Surely, that was part of the idea behind Pret A Manger’s newest menu offerings. Not the only consideration, of course: The new wraps, bowls and sandwiches are vegetarian and vegan, providing a rare oasis of choices for eaters who are used to compromising on flavor.

But when it comes to appealing to meat-eaters, it doesn’t hurt that these composed offerings are pretty good looking — and on-trend, too. There’s pink beet hummus, orange sweet potato, yellow ginger dressing and plenty of greens, from avocado to spinach. Pret has even suggested a hashtag for those rainbow social media snapshots: #notjustforveggies.

Entree portions are priced between $7 and $10, and the snacks are priced around $4.

The British-founded chain, with about 400 locations, is smart to push vegetables in the United States, where diners are increasingly turning away from meat. A March report from the Natural Resources Defense Council found that Americans ate 19 percent less beef from 2005 to 2014. Consumption of chicken and pork also dipped during that time, though not as dramatically.

Being veggie-friendly has already paid off elsewhere. In London, Pret has opened entire veggie-only locations, where sales were expected to plummet but instead grew 70 percent compared with when those shops offered non-vegetarian options, Business Insider reported. The brand’s worldwide sales rose 15 percent last year in part because of the demand for vegetarian offerings, according to the Financial Times, with about a fifth of sales coming from newer products.

Perhaps the American locations will get a similar boost from the new veggie offerings.
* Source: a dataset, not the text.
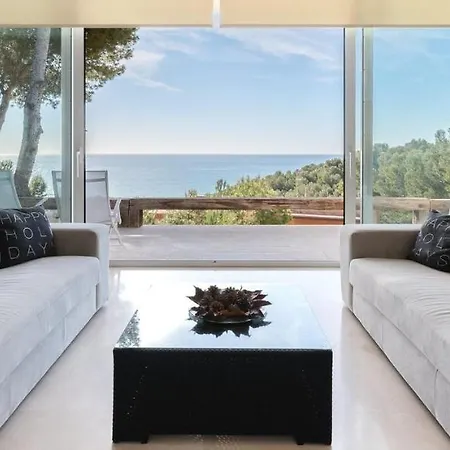 Oliver House Villa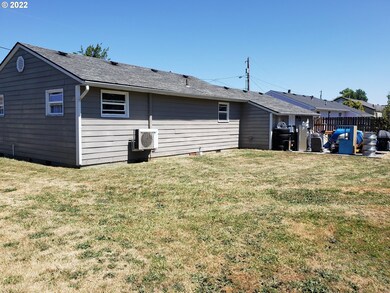 730 NW Sherman St, Sheridan, OR 97378 - photo 6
Fans on social media have been singing the menu’s praises. In a taste test, Washington Post reporters favored the artfully arranged turmeric tofu box with sweet potatoes, beet hummus and jicama-zucchini slaw with a ginger dressing, as well as the South African-inspired Chakalaka wrap, with butternut squash, tomato and bean relish, and a coconut yogurt that brought a creaminess to the vegan meal. An Asian greens veggie pot stuffed with seaweed, avocado and edamame is just the right size for a healthful snack.
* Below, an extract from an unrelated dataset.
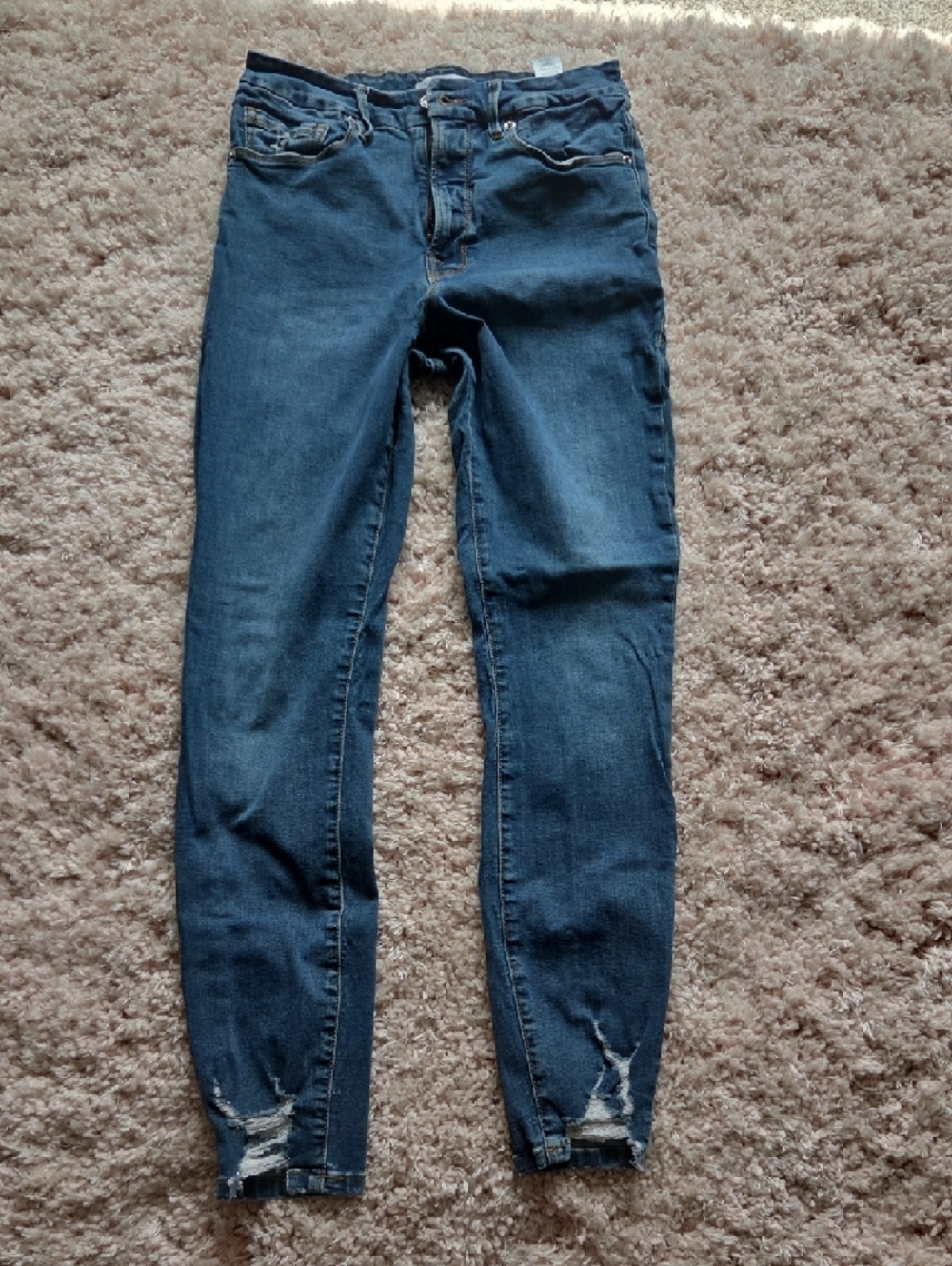 Good American Dark Blue Cropped Distressed Jeans w/stretch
Other offerings were on the sweet side — a black bean and pineapple wrap, a maple-glazed sweet potato banh mi — but were interesting enough, especially for someone looking for a more healthful lunch.

And that someone doesn’t necessarily have to be vegetarian or vegan. “It seems the movement for eating less meat continues to grow,” Pret chief executive Clive Schlee wrote in his blog.

The prettier the food gets, the truer that will become.